CAPÍTULO 7. CONCLUSIONES Y FUTURAS LÍNEAS
7.1. Conclusiones
As mentioned earlier, I followed a qualitative ethnographic case study design in order to gain a comprehensive and a more definitive picture of what was happening in the classroom where I conducted my research. Stake (1995:8) points out that a case study design relies on a variety sources of data collected through various techniques that respond to research questions.
This study is a single case investigation which involved the Grade 1 class only. Observations, interviews and documents analysis were used for data collection in order to get deeper meanings of literacy practices. This design was an appropriate choice as I believed that it could provide me with an understanding of literacy in the multilingual classroom from a socio-cultural perspective. It offered a wide range of data which illuminated how literacy is developed, particularly tracking the progress of learners’ writing at their first year of formal schooling. In this study any actions and events that took place in literacy lessons were regarded important because they formed part of both teachers’ and learners’ behavior in daily classroom practices. This is consistent with Fetterman’s (1989:11) idea that ethnography is an inquiry which focuses on the more predictable patterns of human thought and behaviour.
An ethnographer needs to seek for a ‘deeper immersion’ for the sake of understanding research participants’ daily practices (Emerson et al., 1995). It is, therefore, necessary for the researcher to immerse himself/herself in the research field in order to study people’s social reality and to gather personal experiences. This is in line with this statement:
With immersion, the field researcher sees from the inside how people lead their lives, how they carry out their daily rounds of activities, what they find meaningful, and how they do so (Emerson et al., 1995:2).
Further to this, we could refer to Spradley (1979:187) who mentions the three types of immersion which define ethnographic design namely, total immersion, partial immersion and spot immersion. In this study, I have followed partial immersion because I did not live in the area where learners came from to get acquainted with their cultural practices at their homes and
in the entire community. Although I learnt both the school and the classroom culture in terms of literacy practices, I could not learn all the diverse languages spoken by learners which might possibly qualify this study to a total immersion. Though I followed partial immersion, I spent sufficient time in the field to observe and monitor the development of writing in young learners. My partial immersion in the school afforded me an opportunity to understand and interpret the experienced events and actions in context (see Chapter 4).

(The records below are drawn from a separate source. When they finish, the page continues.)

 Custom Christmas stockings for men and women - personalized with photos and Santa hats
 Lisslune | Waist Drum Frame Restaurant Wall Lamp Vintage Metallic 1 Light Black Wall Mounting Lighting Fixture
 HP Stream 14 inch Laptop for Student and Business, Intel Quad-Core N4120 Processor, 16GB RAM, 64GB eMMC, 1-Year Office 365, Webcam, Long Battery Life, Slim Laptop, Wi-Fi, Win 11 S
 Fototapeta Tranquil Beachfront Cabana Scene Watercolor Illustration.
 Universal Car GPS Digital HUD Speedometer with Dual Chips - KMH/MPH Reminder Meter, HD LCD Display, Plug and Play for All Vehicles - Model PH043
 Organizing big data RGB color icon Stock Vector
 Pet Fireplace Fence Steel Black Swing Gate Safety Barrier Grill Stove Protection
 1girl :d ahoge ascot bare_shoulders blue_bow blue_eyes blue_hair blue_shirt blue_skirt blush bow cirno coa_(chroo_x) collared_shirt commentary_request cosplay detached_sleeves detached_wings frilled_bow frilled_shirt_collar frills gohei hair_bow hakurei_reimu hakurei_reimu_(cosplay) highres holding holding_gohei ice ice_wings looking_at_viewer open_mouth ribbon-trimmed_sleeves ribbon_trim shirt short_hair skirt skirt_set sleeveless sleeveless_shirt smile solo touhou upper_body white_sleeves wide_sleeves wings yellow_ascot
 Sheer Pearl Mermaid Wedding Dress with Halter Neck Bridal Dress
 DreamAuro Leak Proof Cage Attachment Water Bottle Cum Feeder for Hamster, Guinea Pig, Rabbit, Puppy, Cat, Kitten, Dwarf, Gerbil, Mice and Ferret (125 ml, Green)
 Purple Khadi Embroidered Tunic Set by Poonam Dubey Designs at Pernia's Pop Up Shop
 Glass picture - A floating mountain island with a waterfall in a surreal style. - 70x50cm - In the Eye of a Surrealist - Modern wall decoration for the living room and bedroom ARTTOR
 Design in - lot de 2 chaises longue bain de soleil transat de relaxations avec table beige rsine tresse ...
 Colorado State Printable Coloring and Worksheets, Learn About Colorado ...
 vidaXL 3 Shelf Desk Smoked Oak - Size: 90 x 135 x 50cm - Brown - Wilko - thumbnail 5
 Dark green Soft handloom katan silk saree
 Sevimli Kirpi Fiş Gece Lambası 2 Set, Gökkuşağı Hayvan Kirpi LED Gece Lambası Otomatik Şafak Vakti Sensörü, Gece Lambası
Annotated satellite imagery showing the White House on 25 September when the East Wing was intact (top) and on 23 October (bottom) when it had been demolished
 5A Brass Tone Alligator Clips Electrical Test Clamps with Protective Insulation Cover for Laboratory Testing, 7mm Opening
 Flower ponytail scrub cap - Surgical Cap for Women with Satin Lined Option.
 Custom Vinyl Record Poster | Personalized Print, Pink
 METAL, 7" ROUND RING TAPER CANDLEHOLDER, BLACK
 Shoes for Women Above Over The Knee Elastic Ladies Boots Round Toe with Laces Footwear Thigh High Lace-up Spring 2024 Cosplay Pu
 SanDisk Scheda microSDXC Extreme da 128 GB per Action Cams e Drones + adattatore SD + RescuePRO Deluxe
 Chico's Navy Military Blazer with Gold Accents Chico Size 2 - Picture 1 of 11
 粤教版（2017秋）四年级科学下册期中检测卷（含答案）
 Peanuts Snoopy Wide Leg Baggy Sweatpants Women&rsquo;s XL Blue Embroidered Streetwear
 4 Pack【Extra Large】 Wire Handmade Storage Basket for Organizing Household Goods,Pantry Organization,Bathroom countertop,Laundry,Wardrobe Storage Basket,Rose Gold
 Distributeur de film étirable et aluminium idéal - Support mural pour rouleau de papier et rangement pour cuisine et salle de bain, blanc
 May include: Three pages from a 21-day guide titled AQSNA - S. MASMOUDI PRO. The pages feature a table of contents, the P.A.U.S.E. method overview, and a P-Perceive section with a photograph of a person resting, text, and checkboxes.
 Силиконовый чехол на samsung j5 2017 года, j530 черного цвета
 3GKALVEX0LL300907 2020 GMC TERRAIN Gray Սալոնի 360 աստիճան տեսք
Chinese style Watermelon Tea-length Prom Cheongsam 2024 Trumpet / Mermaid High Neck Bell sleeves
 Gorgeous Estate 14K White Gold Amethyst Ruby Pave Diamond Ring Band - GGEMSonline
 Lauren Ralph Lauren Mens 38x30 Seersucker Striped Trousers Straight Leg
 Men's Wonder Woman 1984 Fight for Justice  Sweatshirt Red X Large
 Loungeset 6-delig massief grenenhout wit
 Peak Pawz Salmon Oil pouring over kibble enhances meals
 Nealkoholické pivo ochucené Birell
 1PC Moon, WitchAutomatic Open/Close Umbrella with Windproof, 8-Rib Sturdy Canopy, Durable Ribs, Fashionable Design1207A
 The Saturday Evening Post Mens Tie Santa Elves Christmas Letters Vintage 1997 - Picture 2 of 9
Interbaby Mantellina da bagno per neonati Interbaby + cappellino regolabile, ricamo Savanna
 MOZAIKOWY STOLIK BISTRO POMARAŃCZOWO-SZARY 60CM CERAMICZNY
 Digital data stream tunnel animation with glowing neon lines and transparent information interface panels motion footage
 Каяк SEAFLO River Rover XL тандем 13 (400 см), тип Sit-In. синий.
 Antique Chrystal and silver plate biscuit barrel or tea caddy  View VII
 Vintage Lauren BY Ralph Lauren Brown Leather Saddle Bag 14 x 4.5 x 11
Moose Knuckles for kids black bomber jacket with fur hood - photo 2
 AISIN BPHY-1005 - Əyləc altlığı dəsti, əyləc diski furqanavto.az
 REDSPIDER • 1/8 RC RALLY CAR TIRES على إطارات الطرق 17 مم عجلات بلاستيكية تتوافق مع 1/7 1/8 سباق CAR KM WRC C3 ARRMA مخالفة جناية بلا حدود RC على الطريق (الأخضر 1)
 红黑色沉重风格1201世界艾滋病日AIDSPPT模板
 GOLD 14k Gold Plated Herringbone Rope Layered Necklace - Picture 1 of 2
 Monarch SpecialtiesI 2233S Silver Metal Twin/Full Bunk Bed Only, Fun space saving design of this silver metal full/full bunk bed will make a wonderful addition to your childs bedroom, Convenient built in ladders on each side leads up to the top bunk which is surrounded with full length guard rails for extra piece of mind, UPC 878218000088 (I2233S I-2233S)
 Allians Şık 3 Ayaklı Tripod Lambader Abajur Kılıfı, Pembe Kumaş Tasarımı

Yin (2009:20) mentions different applications of a case study design in research enquiry, some of which tie in with ethnographic requirements e.g. to explain the phenomenon and to describe things or situations as they happen in a certain context. An understanding of context in ethnographic studies helps to provide ‘thick’ rather than ‘thin’ description. Henning et al., (2004:7) assert that behind descriptive studies is not to generalize the events the researcher encountered in the classroom, but what is important is to understand the events occurring in a particular context. Hence understanding the context and meaning is the central feature of ethnographic studies (Geertz, 1973). This implies that whatever is seen in the immediate context of the subject studied might not provide an in-depth meaning unless the researcher looks beyond the events that occur in the research context. I had to take this into consideration when doing my research as I had to familiarize myself with the socio-cultural backgrounds of the learners and the school context before understanding and interpreting meaning from the daily literacy practices. Therefore, it was important for me to understand the learners’ background by accessing their portfolios and holding informal conversations and an interview with the teacher in order to gain information beyond what I observed in the classroom. In other words, the description of events had to go deeper than what I saw in the classroom through observations as ethnography suggests that “each scene exists within a multilayered and interrelated context” (Fetterman, 1989:29).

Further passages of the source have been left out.